Closing this gap within a “CC-only” framework would require one or a combination of the following technical levers:
  • Higher capture rates. Commercial amine systems typically remove 90% of flue-gas CO2, but studies have investigated post-combustion capture efficiencies of up to 99% [49,50]. Raising capture performance to the upper end of this range would lower residual emissions and bring the scenario closer to the AR6 target.
  • Low-carbon co-firing. Blending sustainably sourced biomass with coal can further abate stack emissions. Indonesian studies report life-cycle reductions of 70–80 kg CO2 MW/h at a 20% biomass share, even before capture is considered [22]. Integrating such co-firing with CC would cut the remaining gap. Ammonia co-firing is also being explored as a strategy to reduce residual emissions from CCS-equipped power plants [51,52].
Indonesia’s biomass availability for energy is estimated at 130–137 million tonnes per year, translating to approximately 39.4 million tonnes of oil equivalent, primarily from agricultural and forestry residues such as palm oil waste, rice husks, and wood processing by-products [53]. While this presents substantial potential, the distribution of biomass is uneven, concentrated in regions like Sumatra and Kalimantan, and faces logistical, economic, and land-use challenges.
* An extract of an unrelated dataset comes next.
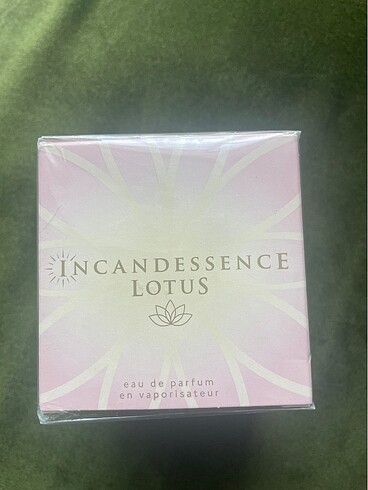 Avon incandessence Lotus edp parfüm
Additionally, although Indonesia produces over 21 million m3/year of wood, actual utilization for co-firing or wood pellet production remains modest due to policy, infrastructure, and investment constraints.
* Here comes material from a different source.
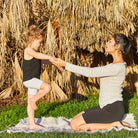 Tutoriel vidéo duo de patron de legging et jegging pour femme et enfant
In summary, while biomass and ammonia co-firing can complement CCS, their scalability is limited by supply, land-use, and infrastructure constraints. A phased and regionally targeted deployment of these strategies, alongside renewable expansion, could improve the alignment of CC-heavy scenarios with national climate goals. However, this requires further techno-economic evaluation to ensure long-term sustainability and system reliability.

4.3. Energy Security

Indonesia holds an estimated 33 billion tonnes of proven coal reserves and more than 90 billion tonnes of resources, enough to sustain current production levels for many decades [1]. Relying on that domestic fuel base insulates the power system from imported energy shocks. Conversely, high solar shares can weaken that security margin, especially with output volatility, where Java-Bali’s solar units recorded a 35% decline in average output during the 2023–2024 wet season [48]. Covering the fluctuations with battery storage or pumped hydro is technically feasible but remains capital-intensive [54,55,56]. Against this backdrop, the three CC pathways (CALL, CNEW, and COMB) offer low-carbon power generation that leverages abundant domestic coal and existing gas infrastructure. They therefore:
  • Reduce import exposure. Fuel is sourced locally, limiting vulnerability to Liquefied Natural Gas (LNG) or oil price shocks.
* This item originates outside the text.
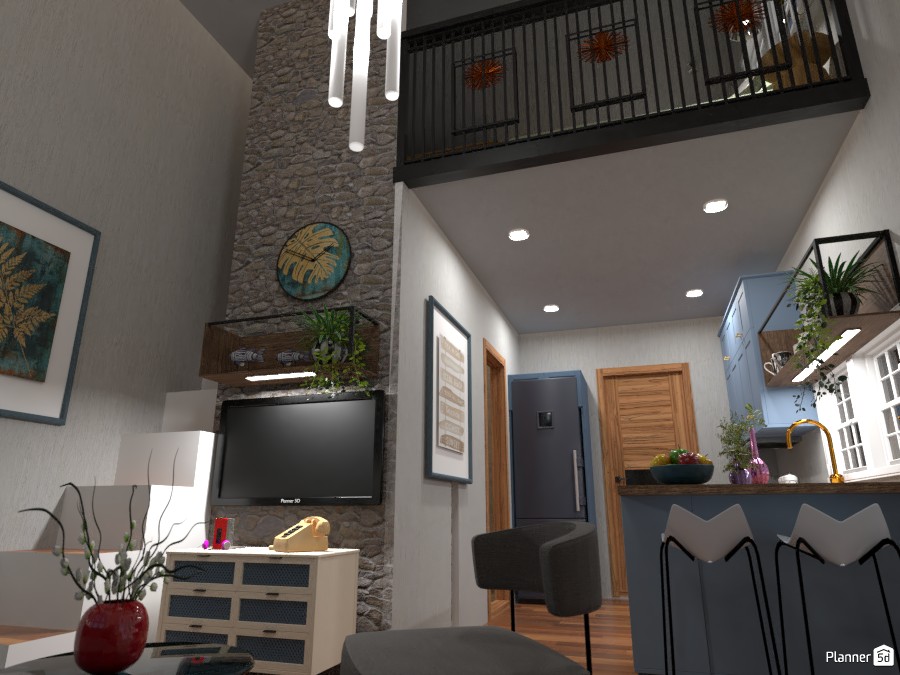 The new Tiny House: View #4524487 by Moonface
  • Provide firm capacity and support grid stability. CC-equipped units operate as baseload, covering renewable shortfalls without the need for large-scale storage in the near term.
Among them, the COMB scenario offers the most balanced approach. It combines retrofitted and new CC-equipped fossil plants with accelerated renewable deployment, achieving a lower emissions profile than CALL and CNEW while avoiding the operational constraints of a renewables-only system. Nevertheless, COMB and other CC pathways involve trade-offs, including exposure to potential future carbon pricing and the need for extensive investment in CO2 transport and storage infrastructure.
The NRE scenario, which aims to achieve near-zero emissions by 2060, raises concerns regarding system reliability and feasibility. The LEAP model does not explicitly simulate grid stability and curtailment. However, external assessments indicate that maintaining grid reliability in a high-renewable system would require 12–16 GW of battery storage and 5–10 GW of pumped hydro, along with elevated reserve margins of approximately 25%, significantly above Indonesia’s current average of 17–18% [6,37,48]. Without aggressive investment and regulatory support, the NRE pathway may face short- to medium-term reliability challenges.
All CC scenarios incorporate CC-gas to support dispatchable, low-carbon generation amid Indonesia’s rising LNG imports. Analysts project a shortfall of ~10 LNG cargoes in 2024, and the IEA forecasts a sharp increase in Southeast Asia’s LNG imports through 2050 [37,57]. This exposes the power sector to price volatility and supply risks. One mitigation strategy is the deployment of hydrogen-ready turbines, which can initially run on natural gas and later transition to low-carbon hydrogen as the domestic supply develops [37,58]. While hydrogen use in gas turbines will remain limited until the 2030s, the option of integrating new CC-gas units with hydrogen offers future flexibility and enhances energy security.
Accordingly, COMB serves as a transitional model that integrates fossil-based reliability with renewable growth while remaining adaptable to fuel diversification. As discussed in Section 4.1., successful implementation hinges on institutional readiness, including clear regulatory timelines for retrofits, investment incentives for dual-fuel infrastructure, and integrated planning across fossil, renewable, and CO2 transport sectors. Such measures are critical to aligning energy security with Indonesia’s broader decarbonization agenda.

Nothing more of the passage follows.